▶ [EXERCISE DETAILS]: A verbatim reproduction of the lines below, from the line containing "Port-en-Bessin-Huppain House |" through the line containing "Rented by NY NY Condo, Inc | media 28", both ends included, is the whole required output.

▶ [EXTRACTED MATERIAL]:
#####
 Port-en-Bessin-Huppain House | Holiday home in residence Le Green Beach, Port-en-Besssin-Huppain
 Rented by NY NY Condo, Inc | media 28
#####
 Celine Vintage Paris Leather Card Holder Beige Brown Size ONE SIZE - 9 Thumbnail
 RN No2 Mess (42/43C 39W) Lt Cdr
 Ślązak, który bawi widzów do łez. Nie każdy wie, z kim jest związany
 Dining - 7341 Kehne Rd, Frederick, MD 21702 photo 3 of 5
#####
▶ [TASK OUTPUT]:
 Port-en-Bessin-Huppain House | Holiday home in residence Le Green Beach, Port-en-Besssin-Huppain
 Rented by NY NY Condo, Inc | media 28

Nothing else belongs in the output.